--- START ---
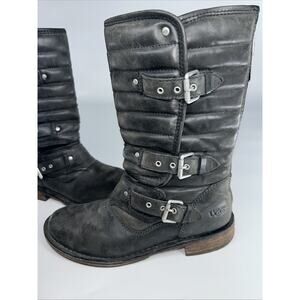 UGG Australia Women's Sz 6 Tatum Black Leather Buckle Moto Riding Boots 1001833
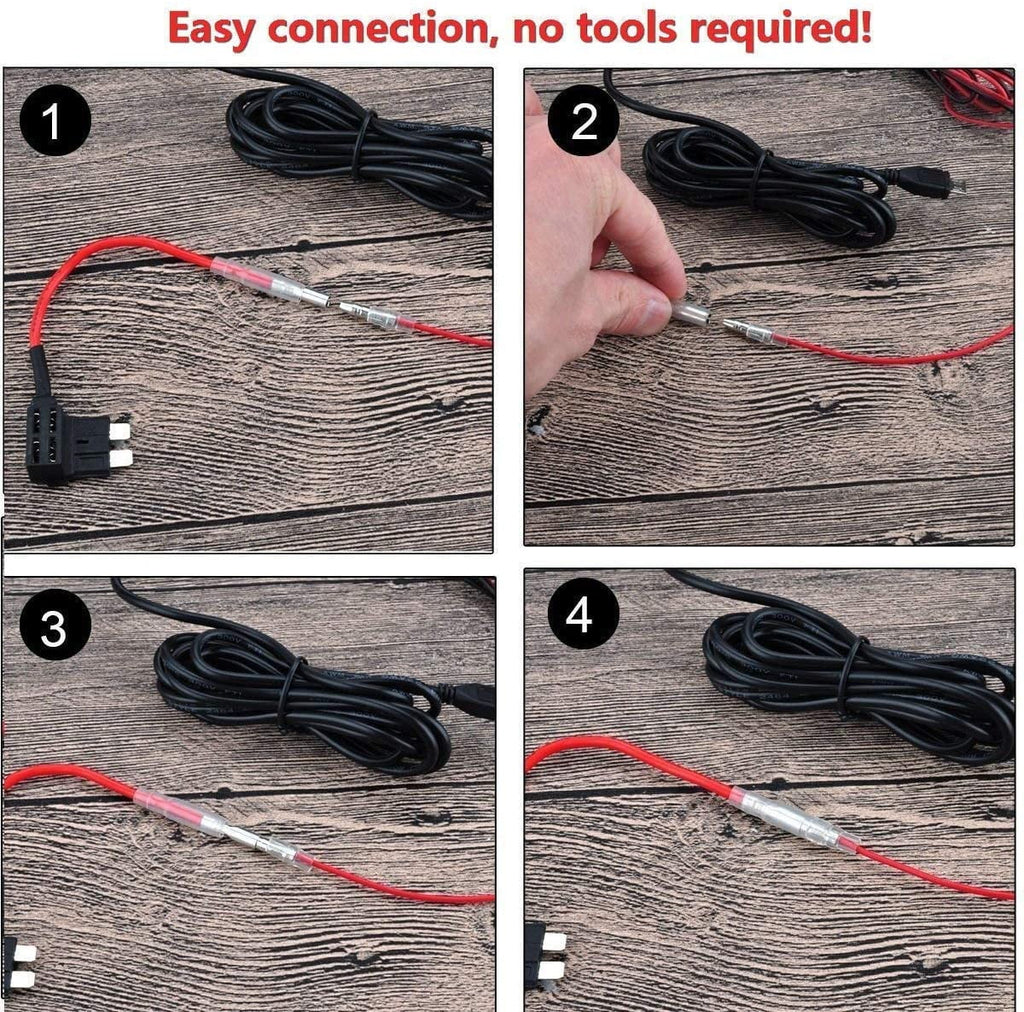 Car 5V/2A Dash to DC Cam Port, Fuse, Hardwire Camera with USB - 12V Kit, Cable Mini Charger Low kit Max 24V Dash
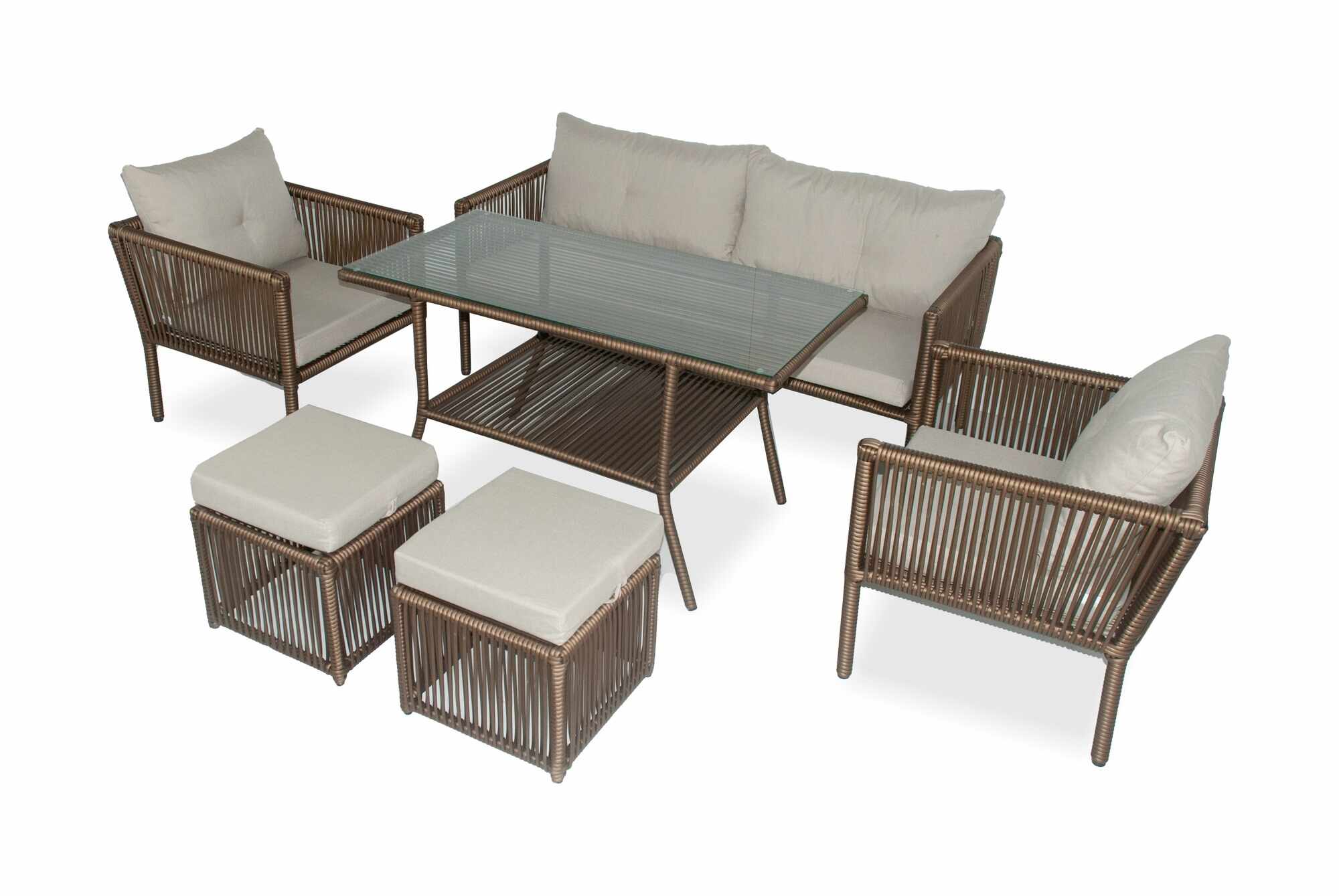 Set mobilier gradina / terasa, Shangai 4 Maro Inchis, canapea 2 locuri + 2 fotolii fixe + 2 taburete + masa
--- END ---
--- START ---
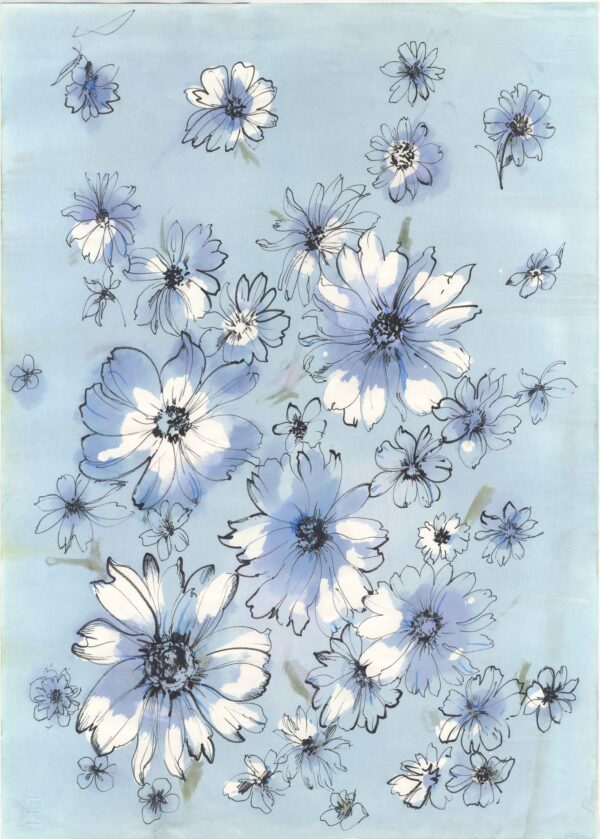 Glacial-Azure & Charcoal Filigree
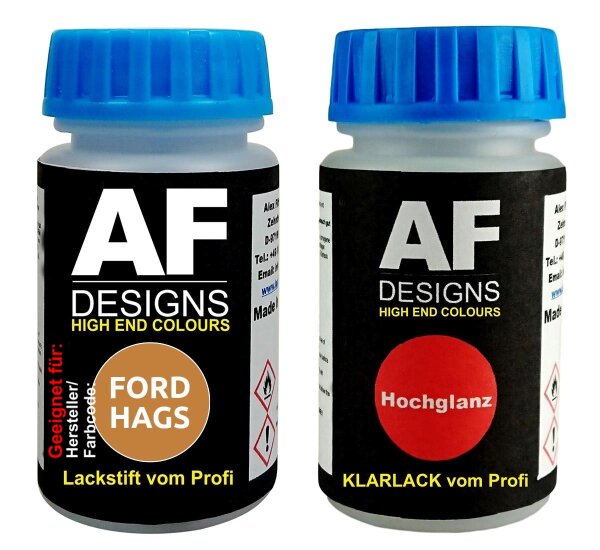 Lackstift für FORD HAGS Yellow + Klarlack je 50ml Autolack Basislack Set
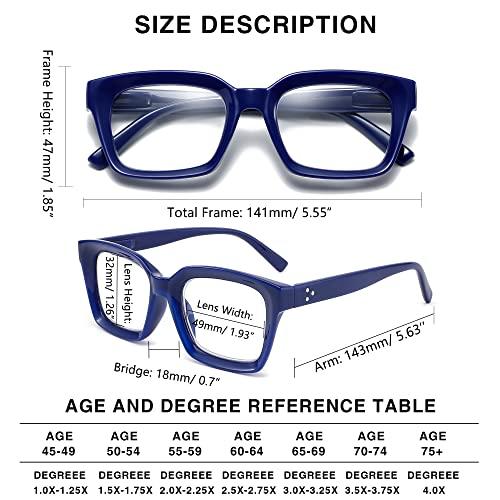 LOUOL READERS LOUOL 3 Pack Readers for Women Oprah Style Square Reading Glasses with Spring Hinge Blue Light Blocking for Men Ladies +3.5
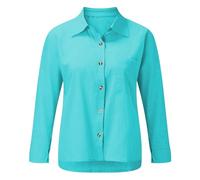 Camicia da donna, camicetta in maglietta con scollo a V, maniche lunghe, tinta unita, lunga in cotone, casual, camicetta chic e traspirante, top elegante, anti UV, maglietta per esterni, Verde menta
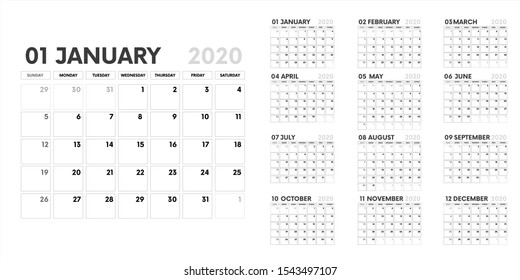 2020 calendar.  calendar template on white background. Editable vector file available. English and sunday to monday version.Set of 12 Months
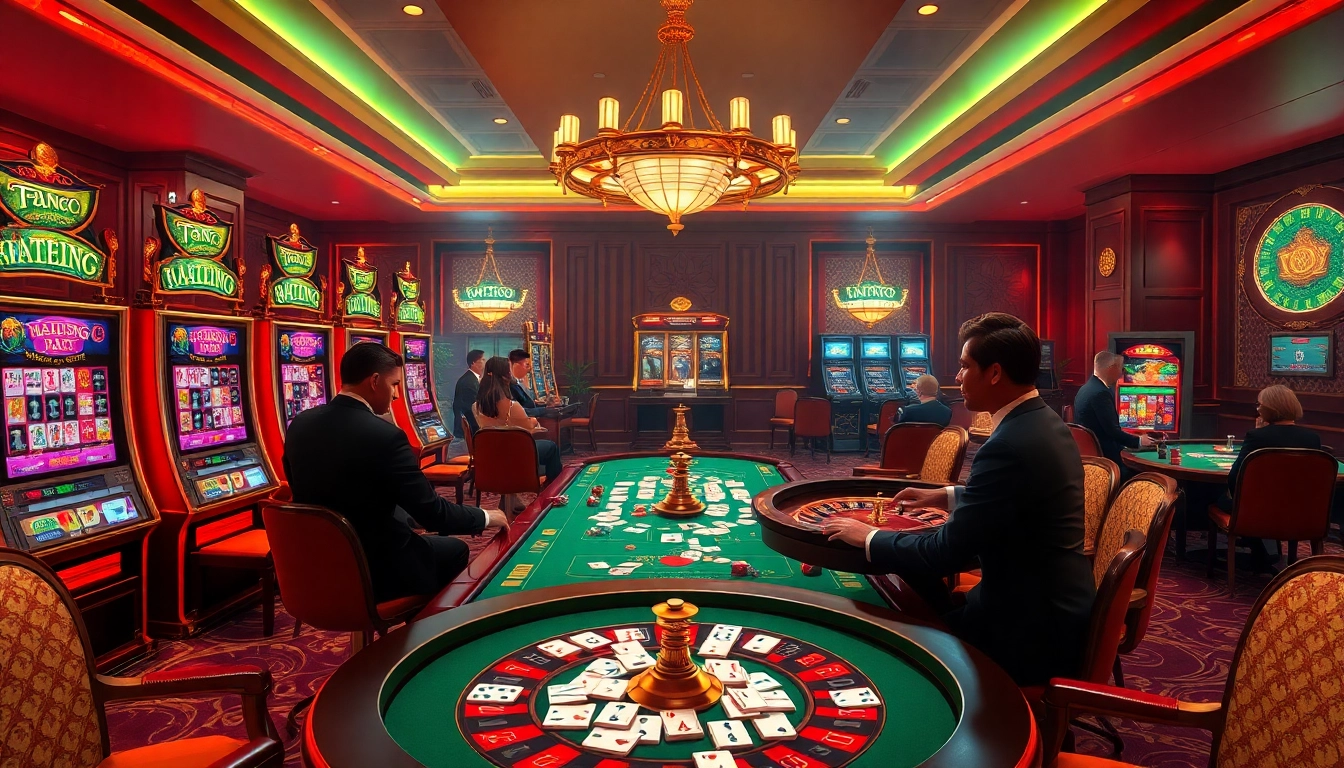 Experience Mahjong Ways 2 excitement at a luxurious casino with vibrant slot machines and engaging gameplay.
--- END ---
- [Exercise objective] Using the entries above, transcribe exactly from the line that has "Lackstift für FORD" through the line that has "Experience Mahjong Ways". Pictures are dropped.

- [Solution]
 Lackstift für FORD HAGS Yellow + Klarlack je 50ml Autolack Basislack Set
 LOUOL READERS LOUOL 3 Pack Readers for Women Oprah Style Square Reading Glasses with Spring Hinge Blue Light Blocking for Men Ladies +3.5
 Camicia da donna, camicetta in maglietta con scollo a V, maniche lunghe, tinta unita, lunga in cotone, casual, camicetta chic e traspirante, top elegante, anti UV, maglietta per esterni, Verde menta
 2020 calendar.  calendar template on white background. Editable vector file available. English and sunday to monday version.Set of 12 Months
 Experience Mahjong Ways 2 excitement at a luxurious casino with vibrant slot machines and engaging gameplay.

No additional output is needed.